Concretely, when defining a function in Catala, you can give the anything type to an argument or the return type. This means that when you call the function, you can call it with an argument that has any of the possible types. We can call such an argument "generic", or say it has a "wildcard" type. For instance, it is convenient to be able to write the is_empty function once for lists of elements of any type:

declaration is_empty content boolean
  depends on argument content list of anything
  equals (number of argument = 0)

While generic arguments are powerful, they also have the downside that you cannot really "do" anything with a value that has anything type since you don't know what type it has. In particular, it is impossible to use the operators like +, *, -, /, <=, etc. since these operators only work for the basic types (integer, decimal, etc.) and not all the other types that can be defined by the user (structures, enumerations, etc.).

Sometimes, there are multiple generic arguments or return types in the same function but you want them to share the same generic type.
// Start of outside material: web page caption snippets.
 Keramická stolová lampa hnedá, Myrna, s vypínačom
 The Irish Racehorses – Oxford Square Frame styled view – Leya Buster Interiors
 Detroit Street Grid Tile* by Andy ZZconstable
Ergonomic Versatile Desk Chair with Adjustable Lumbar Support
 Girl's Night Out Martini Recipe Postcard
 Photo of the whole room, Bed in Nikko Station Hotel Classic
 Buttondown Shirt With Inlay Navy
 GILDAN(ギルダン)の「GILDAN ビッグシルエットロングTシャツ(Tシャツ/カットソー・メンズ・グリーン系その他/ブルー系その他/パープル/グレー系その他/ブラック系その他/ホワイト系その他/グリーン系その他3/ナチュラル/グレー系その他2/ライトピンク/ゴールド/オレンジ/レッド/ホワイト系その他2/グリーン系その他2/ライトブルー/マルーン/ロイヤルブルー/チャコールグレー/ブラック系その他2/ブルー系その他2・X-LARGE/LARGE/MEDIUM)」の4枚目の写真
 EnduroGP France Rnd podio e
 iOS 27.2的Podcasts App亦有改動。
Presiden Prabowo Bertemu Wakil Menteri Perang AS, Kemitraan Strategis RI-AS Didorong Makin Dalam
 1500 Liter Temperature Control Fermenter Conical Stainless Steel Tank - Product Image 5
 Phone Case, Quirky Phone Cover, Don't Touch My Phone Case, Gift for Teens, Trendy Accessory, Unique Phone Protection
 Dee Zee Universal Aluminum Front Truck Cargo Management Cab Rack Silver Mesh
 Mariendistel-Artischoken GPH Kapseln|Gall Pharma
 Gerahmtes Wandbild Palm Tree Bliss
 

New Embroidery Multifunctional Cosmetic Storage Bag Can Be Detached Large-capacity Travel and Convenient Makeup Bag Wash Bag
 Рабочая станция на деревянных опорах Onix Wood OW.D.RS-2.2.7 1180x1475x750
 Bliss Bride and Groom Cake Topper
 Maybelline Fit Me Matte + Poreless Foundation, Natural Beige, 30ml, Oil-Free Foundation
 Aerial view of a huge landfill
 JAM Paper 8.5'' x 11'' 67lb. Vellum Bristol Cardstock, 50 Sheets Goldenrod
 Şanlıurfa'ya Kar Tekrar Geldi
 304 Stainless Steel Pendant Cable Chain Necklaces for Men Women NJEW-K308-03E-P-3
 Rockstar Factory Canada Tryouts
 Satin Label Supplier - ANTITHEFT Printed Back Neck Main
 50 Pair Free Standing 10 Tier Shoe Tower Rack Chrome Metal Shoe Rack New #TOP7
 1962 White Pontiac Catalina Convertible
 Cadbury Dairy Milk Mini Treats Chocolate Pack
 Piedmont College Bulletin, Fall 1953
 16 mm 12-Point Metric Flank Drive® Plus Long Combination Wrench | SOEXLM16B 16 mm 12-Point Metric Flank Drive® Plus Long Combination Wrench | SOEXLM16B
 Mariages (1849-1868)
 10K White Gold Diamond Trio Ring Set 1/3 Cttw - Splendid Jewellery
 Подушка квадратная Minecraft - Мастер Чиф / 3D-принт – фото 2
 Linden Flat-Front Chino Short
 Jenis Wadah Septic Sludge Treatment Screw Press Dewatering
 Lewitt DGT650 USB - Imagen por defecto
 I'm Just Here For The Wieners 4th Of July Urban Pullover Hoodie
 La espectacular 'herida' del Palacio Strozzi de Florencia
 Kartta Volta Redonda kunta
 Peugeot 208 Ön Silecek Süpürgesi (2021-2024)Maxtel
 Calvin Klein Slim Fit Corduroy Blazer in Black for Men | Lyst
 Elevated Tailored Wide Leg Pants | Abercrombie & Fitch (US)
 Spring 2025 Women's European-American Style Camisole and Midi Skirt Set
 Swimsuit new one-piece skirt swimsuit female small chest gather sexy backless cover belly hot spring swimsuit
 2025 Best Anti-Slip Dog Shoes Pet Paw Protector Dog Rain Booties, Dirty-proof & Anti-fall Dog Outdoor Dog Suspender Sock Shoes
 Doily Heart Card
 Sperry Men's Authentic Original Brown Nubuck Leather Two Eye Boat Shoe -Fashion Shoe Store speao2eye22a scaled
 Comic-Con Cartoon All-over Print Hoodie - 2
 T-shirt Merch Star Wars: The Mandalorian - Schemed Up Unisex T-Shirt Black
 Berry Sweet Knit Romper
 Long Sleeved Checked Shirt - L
For instance, if a function reverses the elements of a list, the type of the list elements will be the same in and out the function. The anything types can be named for this purpose, using anything of type <name>. For example:

declaration reverse content list of anything of type element_type
  depends on argument content list of anything of type element_type

If you don't name the anything type explicitly, it will be assumed that each anything is a fresh, independent anything from the other anythings. This may lead to complex error messages from the compiler, so remember to give the same name to anything types that you know have to be linked together.

Polymorphic function signatures can be really useful when defining interfaces to externally-implemented modules.